İstiğfâr ve tevbeyi önemser, ancak onlarla birlikte yapılması gereken bir takım şeylerin bulunduğuna dikkat çekerdi. Tevbenin kemali için şu altı şeyin bulunmasını şart koşardı:
- İşlenen günahtan pişmanlık duymak,
- Bir daha günaha dönmemek,
- Allah ile kul arasındaki her farizayı ifâ etmek,
- Kul haklarını sâhiplerine ödemek,
- Haramla beslenen vücûdu eritmek,
- İsyânın zevkini tatmış bulunan bedene itâatın zevkini tattırmak.
ABDURREZZAK’TAN DEĞİL, REZZÂK’TAN
Pek çok sûfî zâtın menâkıbında olduğu gibi Kettânî’nin de Hızır’la sohbetleri oldu. Gönlü ondan aldığı feyz ve ilhamla doldu. Hızır’ın kendisine naklettiği bir hâdise tasavvuf ehlinin fâil-i mutlaka yönelişi konusuna da ışık tutmaktadır. Kettânî’ye Hızır şöyle anlatır: Birgün Yemen’de San’a camiine vardım.
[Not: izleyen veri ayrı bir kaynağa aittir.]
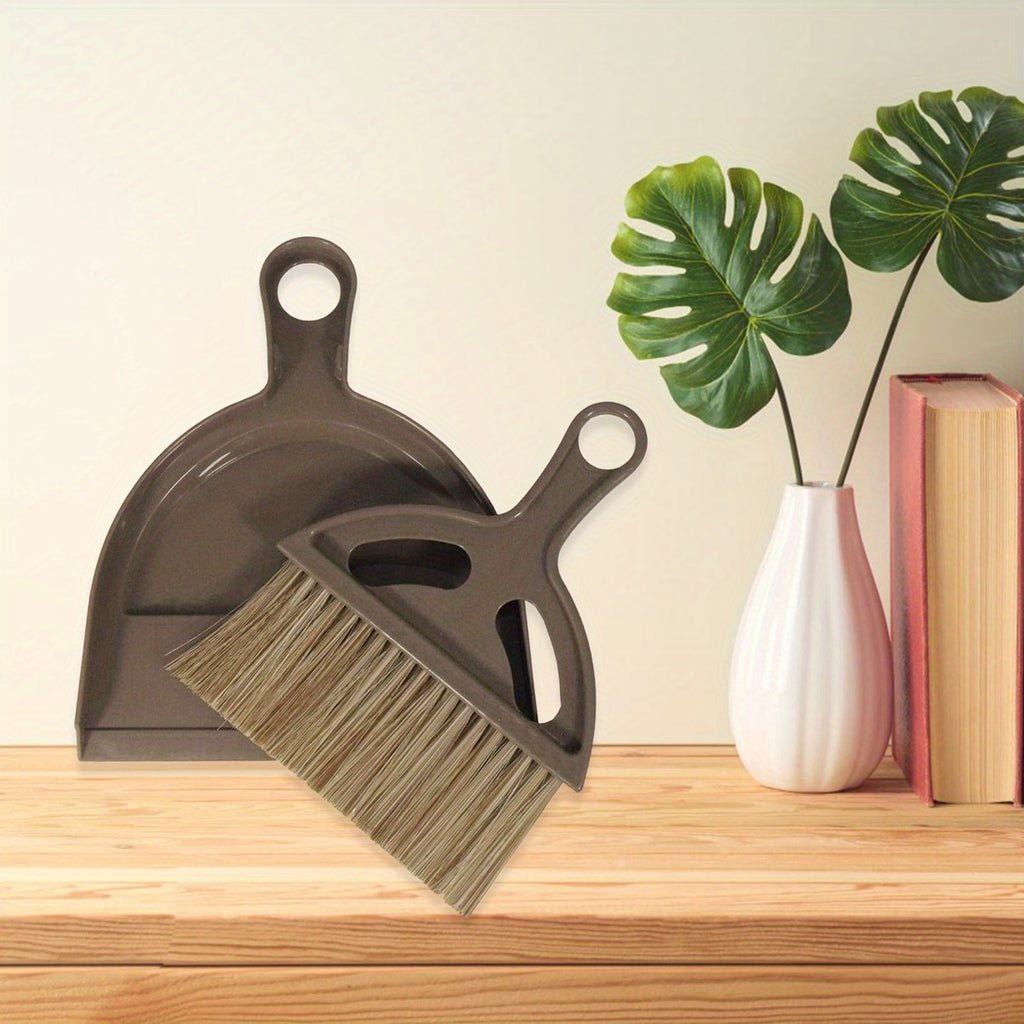 1pc Compact & Lightweight Plastic Broom and Dust Pan Set with Ergonomic Handle & Non-Toxic Bristles - Mini Sweeper for Hard Floors, Kids, Pets, Home, Car, Camping - Easy Storage Dust Pan and Brush Combo for Small Spaces, Ideal for Bedroom, Living Room,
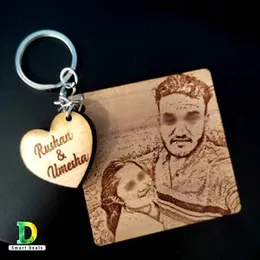Customized Laser Engraved Photo/Picture Key Tags With Your Photo and Names, Personalized Wooden Key Tags, Key Chain, Key Ring Love Gift.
Halk meşhur hadis âlimi Abdürrezzâk’tan hadis dinliyordu. Baktım câmiin bir köşesinde bir genç başını önüne eğmiş oturuyordu. Gencin yanına sokuldum ve ona: “Halk Abdürrezzâk’tan hadis dinliyor, sen ise burada oturuyorsun. Niye derse katılmıyorsun?” diye sordum. Bana şu karşılığı verdi: “Halk Abdürrezzâk’ı dinliyor, ben ise Rezzâk’ı dinliyorum; sen de beni Abdürrezzâk’ı dinlemeye çağırıyorsun.” Bunun üzerine ben de: “Eğer doğru söylüyorsan benim kim olduğumu bil!” dedim. O da: “Sen Hızır’sın” dedi ve başını önüne eğdi. Elbette ki Abdürrezzâk’tan değil, Rezzâk’tan duyup dinleyebilmek rûhî kemal isteyen bir iş.
TASAVVUF VE EDEB
Tasavvuf yolunu bir üstaddan edeb öğrenmekten geçtiğini söyler ve “Bir üstaddan edeb öğrenmeyen boştur. Bedeninle dünyada kalbinle âhirette ol!” derdi.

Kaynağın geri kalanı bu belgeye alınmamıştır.